The Wärtsilä cruise ship’s LNG would be stored in three double-walled tanks, each with a capacity of 465 cubic meters, housed in the stern area below the pool deck and between the tender boats. In this location the 35-meter length of the tanks would not interfere with the ship’s required watertight bulkheads. As the average daily LNG consumption for a typical cruise would be about 45 tons, or 105 cubic meters, the vessel would be able to make a 12-day cruise without refueling. LNG bunkering would be accomplished via the open mooring deck at the stern while tank ventilation would be through a pipe running to the top end of the superstructure and venting at more than 10 meters above the uppermost deck. The stern location for the tanks is considered beneficial from a safety standpoint because there would be no cabins located above the bunkering station and large windscreens around the pool area would prevent passengers from accidentally creating a source of ignition by tossing cigarettes or matches overboard. Nevertheless, Wärtsilä realizes that the technology involved in the LNG bunkering process must be foolproof and that a network of safe LNG bunkering stations must still be created in the proposed operational areas before its LNG-powered “clean cruiser” can head to sea.

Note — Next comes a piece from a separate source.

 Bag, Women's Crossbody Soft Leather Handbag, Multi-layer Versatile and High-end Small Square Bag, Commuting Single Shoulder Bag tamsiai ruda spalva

A number of LNG-powered platform supply vessels are now being built in the US and a cut-away of one of the new Harvey Gulf boats illustrates the amount of room required for the LNG storage tank, which is situated below the work deck while diesel generator sets are mounted one deck above and forward. Photo courtesy of Harvey Gulf.
First LNG Bunkering Tanker
A prototype operation for bunkering LNG-fueled passenger ships has already started in Europe where the world’s first LNG bunkering tanker, Seagas, has been delivering fuel to the world’s largest LNG-powered ferry, the 2,800-passenger Viking Grace, since February. Prior to its conversion by the Fiskerstrand BLRT yard in Norway Seagas was the local 1974-built car ferry Fjalir. Now equipped with a single 170 cubic meter cryogenic storage tank, the little tanker moves LNG from Linde’s LNG’s processing facility near Nynäshamn, Sweden to the Port of Stockholm where the 56,000-gt Viking Grace is refueled at the end of nearly every round-trip with 70 tons of gas transferred in 60 minutes. Until the arrival of Seagas, refueling of the ferry had been done by road tanker but this was considered an unsatisfactory method due to safety and environmental concerns. While Viking Grace can make three round-trips between Stockholm and Turku, Finland without re-fueling, Seagas has been refueling the ship six days a week.